Today would have been Gene Kelly's 100th birthday. He is a dancing,
singing, and acting legend from Pittsburgh. He has strong roots here
through family, and also is the legacy of the Gene Kelly Awards. Many
people know him from his movie Singing in the Rain, but he also
revolutionized the way dance and theater is filmed on camera.
University of Pitt students are celebrating his legacy today along with
the University's 225th anniversary.
The University of Pittsburgh is observing its own 225th anniversary
and the 100th anniversary of the birth in Pittsburgh of special Academy
Award-honored dancer, director, choreographer, actor, singer, and Pitt
alumnus Gene Kelly with two events:
• From 3 to 4 p.m. Aug. 23, Kelly’s actual birth date, some 3,000
incoming University of Pittsburgh freshmen are slated to hold umbrellas
while taking part in a choreographed dance on the lawn adjacent to
Pitt’s Petersen Events Center.
• From 8 to 9:30 p.m. Oct. 25, Patricia Ward Kelly, Gene Kelly’s
widow and the author of a forthcoming memoir about him, will host
“Pitt’s Gene Kelly Centennial Celebration,” an evening of Kelly on film
with Pittsburgh- and Pitt-centered commentary on Kelly’s life and
career. The leading authority on the cinema and stage legend, Mrs. Kelly
has recently given sold-out presentations on Gene Kelly at the Academy
of Motion Picture Arts and Sciences in Los Angeles and Lincoln Center in
New York City.
Part of Pitt’s New Student Orientation 2012, the Aug. 23 event will
attempt to shatter the Guinness World Record for the “Greatest Number of
People Simultaneously Performing an Umbrella Dance at a Single Venue.”

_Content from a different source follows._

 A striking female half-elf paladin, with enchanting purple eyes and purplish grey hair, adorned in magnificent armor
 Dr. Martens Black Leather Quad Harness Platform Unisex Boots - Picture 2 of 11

The current record, set in September 2011 in Bucharest, Romania,
involved 1,461 participants.
Holding aloft the umbrellas, which will be handed to them as they
enter the Petersen Events Center’s lawn area, the Pitt students taking
part in this attempt will dance the Cupid Shuffle, a popular line dance.

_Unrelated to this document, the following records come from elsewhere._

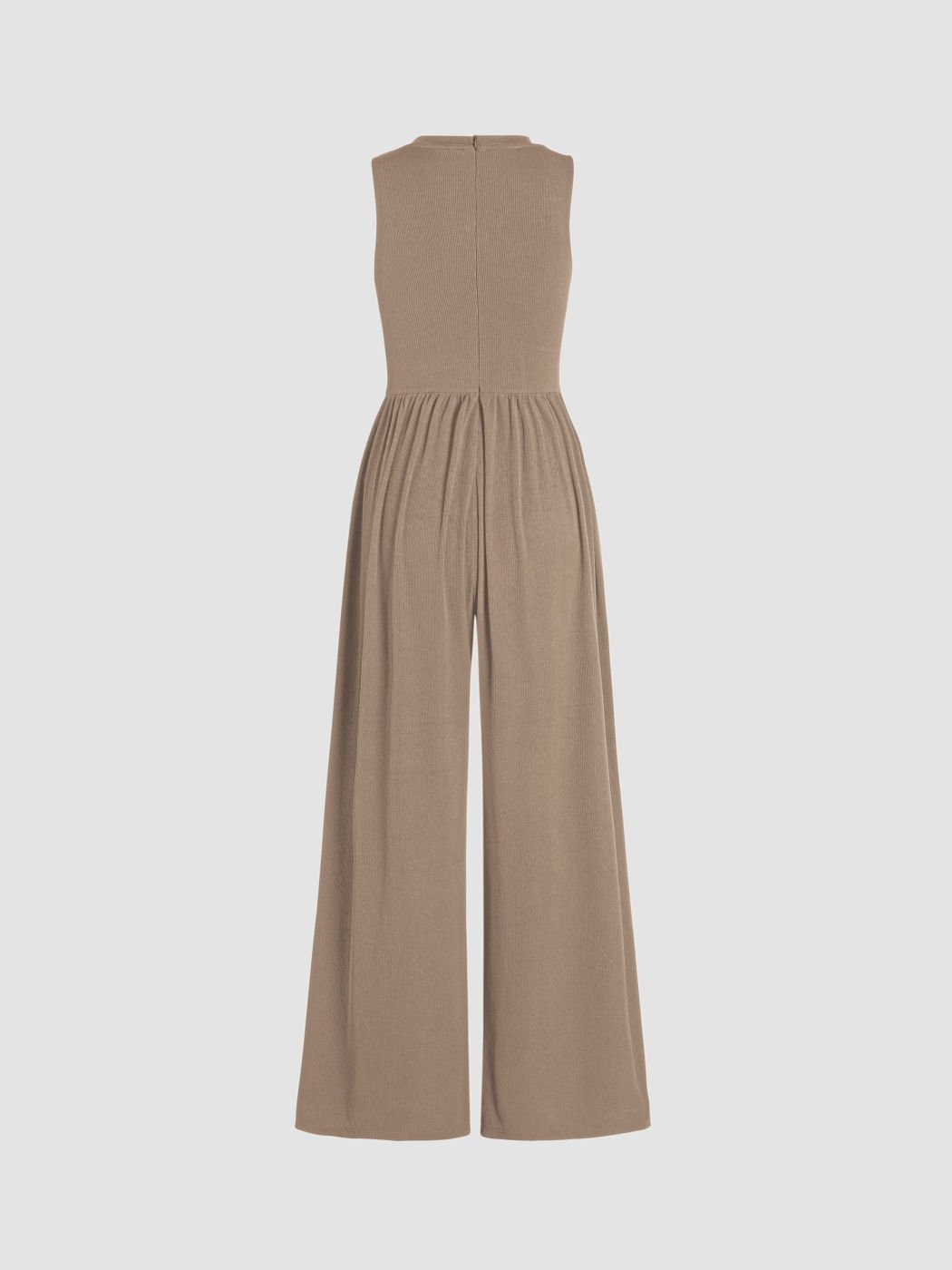 Solid Sleeveless Wide Leg Jumpsuit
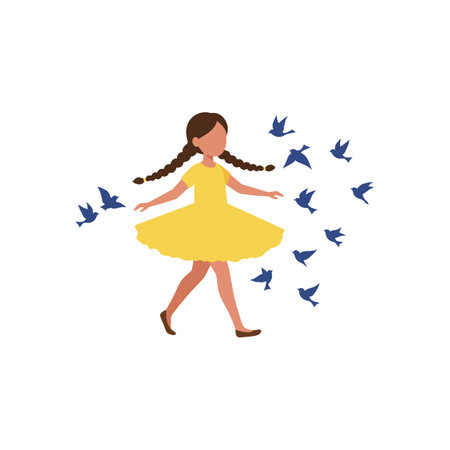 A cheerful girl with braided hair twirls in a bright yellow dress, surrounded by playful blue birds in flight.のイラスト素材
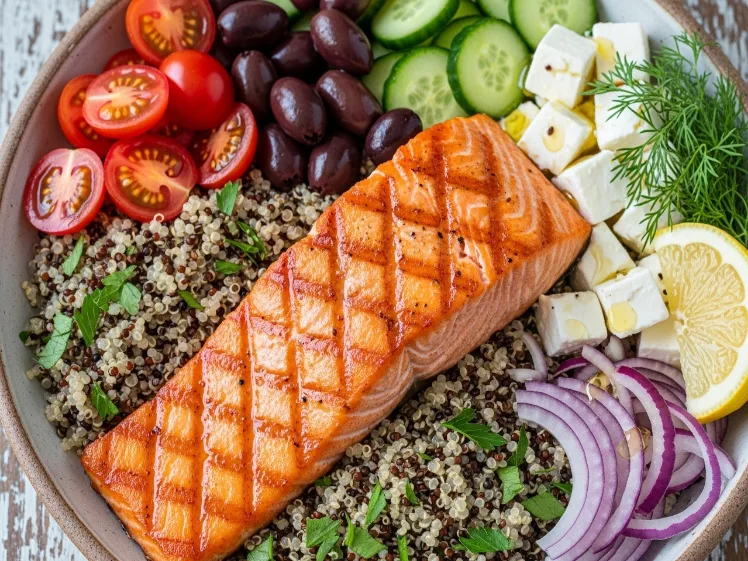 Close-up of a perfectly cooked salmon fillet with crispy golden-brown skin resting on fluffy quinoa in a Mediterranean bowl, surrounded by colorful toppings.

Witnesses, head-counters, and videographers will document the event and
send the information to the Guinness authorities for their verification
of the new world record.
The dance event honoring Kelly, one of Pitt’s most renowned alumni,
has been designed to remind spectators and participants alike of Kelly’s
iconic dance sequence from the classic 1952 film musical Singin’ in the Rain,
in which he dances up and down a rain-drenched street twirling an
umbrella and splashing in puddles. This sequence is considered by many
to be the most memorable dance performance on film. Kelly is credited
with bringing an energetically athletic, authentically American dancing
style to Hollywood musicals, and for changing the look of dance on film
through his revolutionary innovations with the camera, choreography, and
animation.
Kelly received the Bachelor of Arts degree in economics from Pitt in
1933. While at Pitt, he became involved with the University’s Cap and
Gown Club, serving as its director from 1934 to 1938, and taught dance
at his family’s dance studio in Pittsburgh’s Squirrel Hill neighborhood;
he would also choreograph musicals at the Pittsburgh Playhouse and
Nixon Theater. Kelly enrolled in Pitt’s School of Law but left after a
couple of months to concentrate on teaching dance.
Kelly’s younger brother Fred, also a Pitt alumnus, was honored in
2004 when the lobby of Pitt’s Stephen Foster Memorial—home to Pitt’s
Charity Randall Theatre and Henry Heymann Theatre—was renamed the Fred
Kelly Lobby.
Pitt students set new Guinness World Records at the last two New
Student Orientations, for the “World’s Largest Torch-lit Logo” in 2010
and the “World’s Largest Glow Stick Design” in 2011.